I AM OH SO UPSET OVER WHO BECOMES VALEDICTORIAN
Courier-Post, Cherry Hill, N.J.
Published: 5/18/2003
I did not know how to feel about Blair Hornstine, a high school student in Moorestown, N.J., who successfully sued her school so she could be the only valedictorian.
School officials said the high school's second-ranked student, Kenneth Mirkin, had a lower average only because he had to take gym classes (which are given less weight than some academic classes) and Hornstine didn't because of a disability. So at first I thought it would be fair for her to share the honor with him. Anyway, what would she lose? Then again, I thought that if there's something wrong with the way grade point averages are calculated, shouldn't the rules be changed before they're broken?

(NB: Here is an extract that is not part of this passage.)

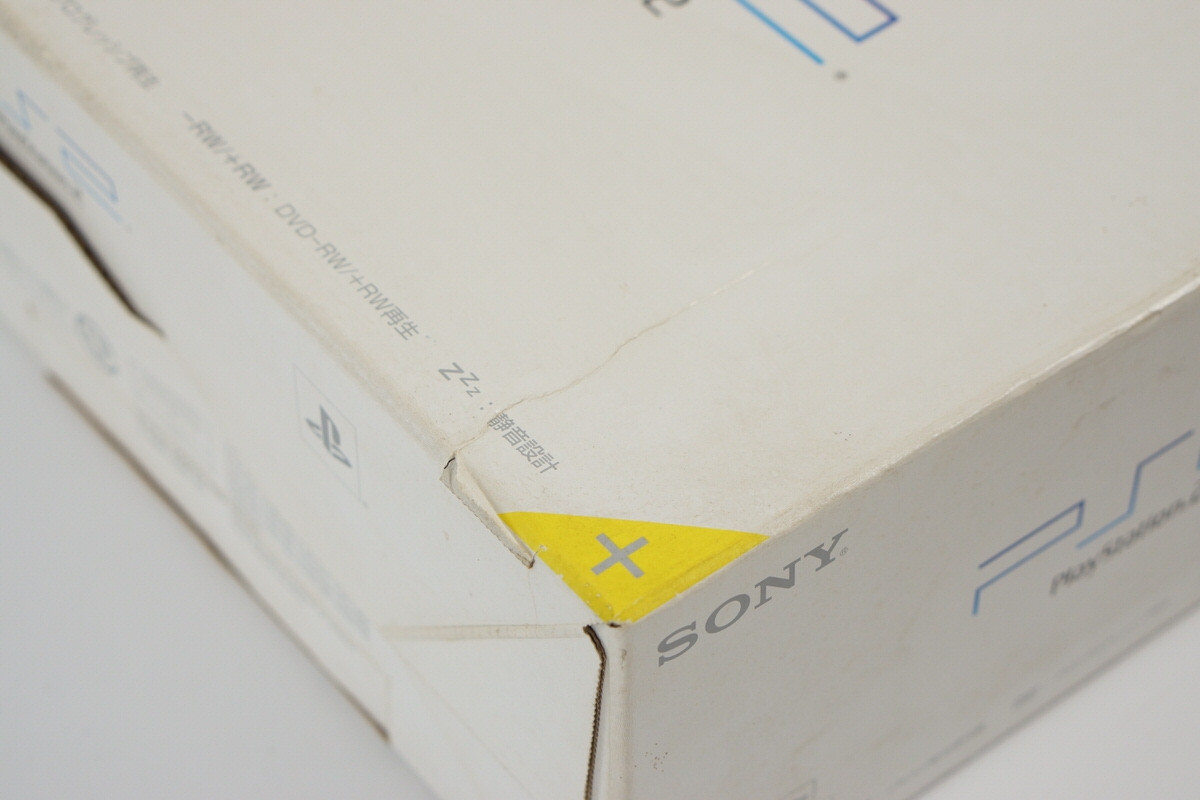 PS2 CERAMIC WHITE Console SCPH-50000 CW Tested System Playstation 2 NTSC-J 9501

But finally, it came to me what my opinion truly is.
I don't care.
I never have.
Why does anybody?
The designation of Moorestown High School's 2003 valedictorian is so not my problem that I can't even begin to describe how much my problem it isn't. I've got leaky pipes in my bathroom, I can't find a decent burrito out here and a guy in the street outside my window right now is yelling over and over that someone named Sarah stole his laundry. What difference will it make to any of that whether Moorestown High School graduates one valedictorian, two or 60?

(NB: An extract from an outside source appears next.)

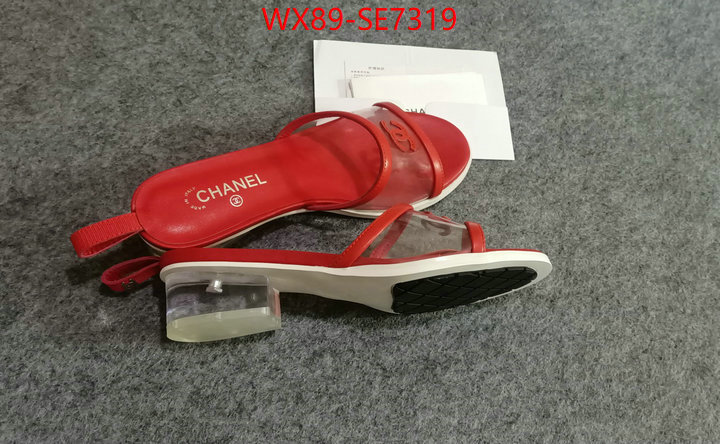 Women Shoes-Chanel,top quality ID: SE7319,$: 89USD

Yet people have gotten insanely angry about this. I've read letters calling Hornstine a pariah. Some people are saying students should walk out when she speaks at graduation. Others have hurled eggs at her home. I don't think most of these angry people understand her story any more fully than I do. But they hate her – as if she represented an invasion of valedictorians, crashing into America's homes and forcing small children to listen to long speeches that don't seem to be about anything in particular.

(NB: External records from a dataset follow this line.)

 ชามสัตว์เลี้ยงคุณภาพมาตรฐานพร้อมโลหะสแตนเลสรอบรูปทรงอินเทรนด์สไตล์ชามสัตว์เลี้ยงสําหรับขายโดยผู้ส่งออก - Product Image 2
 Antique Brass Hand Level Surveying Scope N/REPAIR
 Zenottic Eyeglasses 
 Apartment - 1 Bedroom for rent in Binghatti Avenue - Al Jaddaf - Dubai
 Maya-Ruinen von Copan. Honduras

I think people resent Hornstine not simply because she's kept someone else from being the valedictorian, but because her story gives us permission to hate a school's best student. And, let's face it, we do anyway. If Mirkin were better known, maybe people would hate him, too.
Over in Winston-Salem, N.C., for example, a Web page called Ryan Eanes online chronicles “Really, really real quotes from the inept valedictorian of the Class of 1999 from Statesville High School.” These are quoted by the salutatorian (so no, of course he's not bitter), and include numerous sexist remarks and such corkers as “You mean Ewoks are not real animals?”
In the meantime, in Hemet, Calif., school board members are thinking of eliminating the valedictorian honor altogether, according to Fox News. Students there are boosting their grade point average by taking easy electives. Parents are lobbying teachers for higher grades. People are seeking some kind of magic formula – right down to the forgettable valedictorian speech at graduation.
In fact, if you can't write your own forgettable valedictorian speech (you how it is: you focus so much on being a top student that you somehow don’t learn how to write), you can buy one at Speech-Writers.com – among “our ready-to-go, valedictorian speeches and poems suitable for use by a prize-winning student at a valedictory function,” the service advertises.
And all for what?
In a few months, everyone from Moorestown High School class of 2003 will have gone separate ways, and the question of who was or was not the valedictorian will be relegated to the same conversation as who did or did not throw up at the homecoming game. Hornstine will go to Harvard, as will Mirkin. Other students will go to a state college or join the Army or live in an apartment with 12 other people and start a laughably mediocre rock band. Maybe one of the kids headed for a state college will go on to law school. And maybe someday he'll square off against Hornstine in a courtroom after she's also become a lawyer, and maybe the state school graduate will win (particularly if Mirkin helps him).
Anyway, they'll both be all right. I fail to see what matters beyond that.